DebugModule.dataX preservation

Dolu1990 commented 2 years ago

Hi,

I'm currently implementing the spec in hardware and there is one behaviour the spec isn't explicit about (or I missed it / implicit).

Let's say you run one abstract command which return/write data0. Can this new value be usable as a argument of the next abstract command ?

Because if it isn't, it allows more flexibility in the hardware implementation.

Location in the spec : https://github.com/riscv/riscv-debug-spec/blob/eeef4d580971d70b86e3fb498a0536654ae90608/xml/dm_registers.xml#L570

Thanks ^^

timsifive commented 2 years ago

Let's say you run one abstract command which return/write data0. Can this new value be usable as a argument of the next abstract command ?

That is certainly what I had imagined, but I cannot think of a good use case for it. (Copy value from one register to another, I suppose, but that's hardly common.)

I cannot imagine what optimization you can make if this isn't the case. How does it help you be require the debugger to always write data0 for an abstract command which will use it?

pdonahue-ventana commented 2 years ago

Let's say you run one abstract command which return/write data0. Can this new value be usable as a argument of the next abstract command ?

Imagine that the answer is no and that data0 is allowed to spontaneously change. At what point is it allowed to spontaneously change?

Take this normal sequence:

abstract read command that writes data0
debugger reads data0
debugger writes data0
abstract write command that reads data0

If data0 changes between 1 and 2 then it defeats the purpose of the abstract read command. If it changes between 3 and 4 then it defeats the purpose of the abstract write command. I don't see much value in trying to track if we're in between steps 2 and 3 just so data0 can spontaneously change. That would also disallow other sequences such as Tim's copy example where there is no step 3.

Dolu1990 commented 2 years ago

First, sorry for the long post XD

@pdonahue-ventana

Imagine that the answer is no and that data0 is allowed to spontaneously change.

There may be a missunderstanding, i didn't mean that it could spontaneously change, i mean : Should the returned value of a abstract command in dataX be reusable for the next abstract command.

In practice, is the following sequance ok or not :

abstract read command that writes data0
abstract write command that reads data0 (that was written by the abstract command 1)

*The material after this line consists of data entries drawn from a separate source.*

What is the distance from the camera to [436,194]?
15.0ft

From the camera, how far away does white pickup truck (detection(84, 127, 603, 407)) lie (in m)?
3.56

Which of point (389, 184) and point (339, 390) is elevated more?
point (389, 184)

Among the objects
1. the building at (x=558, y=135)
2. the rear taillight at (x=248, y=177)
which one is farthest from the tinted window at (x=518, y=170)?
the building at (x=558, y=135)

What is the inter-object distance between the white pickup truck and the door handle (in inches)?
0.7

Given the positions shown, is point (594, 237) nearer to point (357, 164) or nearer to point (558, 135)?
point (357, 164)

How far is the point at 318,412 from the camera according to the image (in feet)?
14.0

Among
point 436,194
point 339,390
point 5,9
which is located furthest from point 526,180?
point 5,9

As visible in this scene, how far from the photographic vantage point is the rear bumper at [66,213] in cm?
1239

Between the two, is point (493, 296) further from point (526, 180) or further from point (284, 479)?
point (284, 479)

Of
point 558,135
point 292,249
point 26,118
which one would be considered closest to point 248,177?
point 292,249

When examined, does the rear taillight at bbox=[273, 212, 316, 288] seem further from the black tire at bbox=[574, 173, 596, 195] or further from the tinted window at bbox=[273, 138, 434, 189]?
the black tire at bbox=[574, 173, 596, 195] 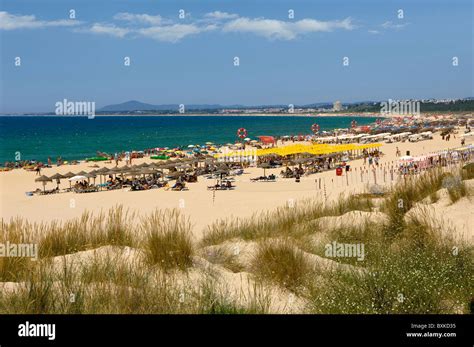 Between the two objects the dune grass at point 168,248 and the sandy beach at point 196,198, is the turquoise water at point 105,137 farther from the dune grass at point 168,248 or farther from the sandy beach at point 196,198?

@pdonahue-ventana + @timsifive

Mostly, from a more abstract perspective, I think it is about "Do we consider dataX to be registers/memory for abstract commands" or "Do we consider dataX as data channels for abstract commands"

If we consider dataX as data channel, it means that they are used by the debuger as a way to write abstract command arguements, and read abstract commands returned values.

How does it help you be require the debugger to always write data0 for an abstract command which will use it?

I didn't mean that data0 is lost after each command which used it, i mean that the data0 returned by a abstract command can't be used as arguement of the nexts abstract commands.

I cannot imagine what optimization you can make if this isn't the case.

I think a drawing is better than 1000 words ^^

To give some context, i'm targeting a FPGA softcore (https://github.com/SpinalHDL/NaxRiscv) So the tradeoff compaired to a ASIC can be quite different. Here logic can be "very expensive".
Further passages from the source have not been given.